Loop Media Inc. beat Wall Street estimates on revenue and earnings in its fiscal first quarter.
The Glendale-based music and short-form video distributor reported on Tuesday a net loss of $5.3 million (-9 cents a share) for the quarter ending Dec. 31, compared with a net loss of $4.3 million (-10 cents) in the same period a year earlier.
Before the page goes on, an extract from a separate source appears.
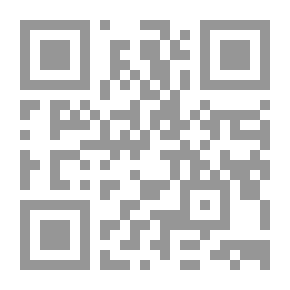 Qr Code نيل الأماني في شرح التهاني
Revenue increased by 395% from the prior year to $14.8 million.
The single analyst following the company forecast earnings of -10 cents on revenue of $13.8 million, according to Thomson Financial Network.
Jon Niermann, chief executive of Loop Media, said the company had a solid start to its fiscal year as its various advertising and marketing initiatives resulted in nearly five times year-over-year revenue growth and continued material improvements to its bottom line.
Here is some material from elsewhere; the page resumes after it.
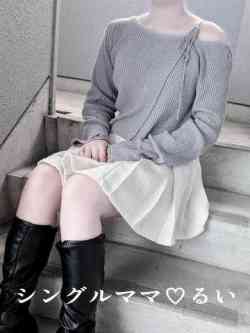 るい☆清楚可愛い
“Our ability to scale distribution, lean into marketing and convert those dollars into meaningful growth of our Loop Player footprint is a testament to our execution, especially as we contended with a challenging macroeconomic environment in the second half of the quarter, which has carried into calendar 2023,” Niermann said in a statement.
Loop recently renewed and updated its licenses with all three major music companies, Niermann added,
“This multi-year agreement enables us to digitally distribute music videos and related materials to our out-of-home clients throughout the U.S., positioning us for continued growth in the years ahead,” he said in the statement.
Shares in Loop Media (LPTV) closed down 9 cents, or about 1.5 percent, to $6 on the New York Stock Exchange, on a day when the Dow Jones closed up 0.8 percent.